Task requirements:
Copy verbatim the block of lines in the entries below whose first line contains "Club Classics - House" and whose last line contains "DonT Have A". Leave out all other lines.

─── Exercise inputs

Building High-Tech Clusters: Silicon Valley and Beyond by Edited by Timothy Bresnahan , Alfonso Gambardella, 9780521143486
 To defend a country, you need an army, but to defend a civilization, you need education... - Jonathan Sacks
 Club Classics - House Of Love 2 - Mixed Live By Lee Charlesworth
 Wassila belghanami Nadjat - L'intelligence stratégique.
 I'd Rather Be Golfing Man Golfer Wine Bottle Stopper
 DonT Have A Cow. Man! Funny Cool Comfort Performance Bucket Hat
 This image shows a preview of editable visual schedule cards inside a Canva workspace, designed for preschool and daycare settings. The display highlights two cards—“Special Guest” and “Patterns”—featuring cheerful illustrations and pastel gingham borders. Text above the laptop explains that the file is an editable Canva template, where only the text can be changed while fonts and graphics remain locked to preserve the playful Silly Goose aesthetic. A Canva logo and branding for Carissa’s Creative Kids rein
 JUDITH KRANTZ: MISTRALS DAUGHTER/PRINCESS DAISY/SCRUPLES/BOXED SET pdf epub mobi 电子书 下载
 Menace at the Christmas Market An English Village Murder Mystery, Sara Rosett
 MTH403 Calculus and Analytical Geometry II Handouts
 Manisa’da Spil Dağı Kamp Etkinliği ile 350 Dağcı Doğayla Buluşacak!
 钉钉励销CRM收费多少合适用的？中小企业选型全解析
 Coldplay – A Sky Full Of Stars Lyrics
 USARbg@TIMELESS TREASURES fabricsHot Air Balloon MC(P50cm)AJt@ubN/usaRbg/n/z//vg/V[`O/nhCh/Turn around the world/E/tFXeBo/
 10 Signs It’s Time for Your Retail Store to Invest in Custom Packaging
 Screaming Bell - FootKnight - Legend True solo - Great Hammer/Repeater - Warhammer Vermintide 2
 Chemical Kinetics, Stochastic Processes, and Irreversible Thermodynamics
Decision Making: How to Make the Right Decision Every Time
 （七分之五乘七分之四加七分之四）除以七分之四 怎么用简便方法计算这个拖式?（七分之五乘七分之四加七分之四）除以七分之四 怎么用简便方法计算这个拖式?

──────

Solution to this problem:
 Club Classics - House Of Love 2 - Mixed Live By Lee Charlesworth
 Wassila belghanami Nadjat - L'intelligence stratégique.
 I'd Rather Be Golfing Man Golfer Wine Bottle Stopper
 DonT Have A Cow. Man! Funny Cool Comfort Performance Bucket Hat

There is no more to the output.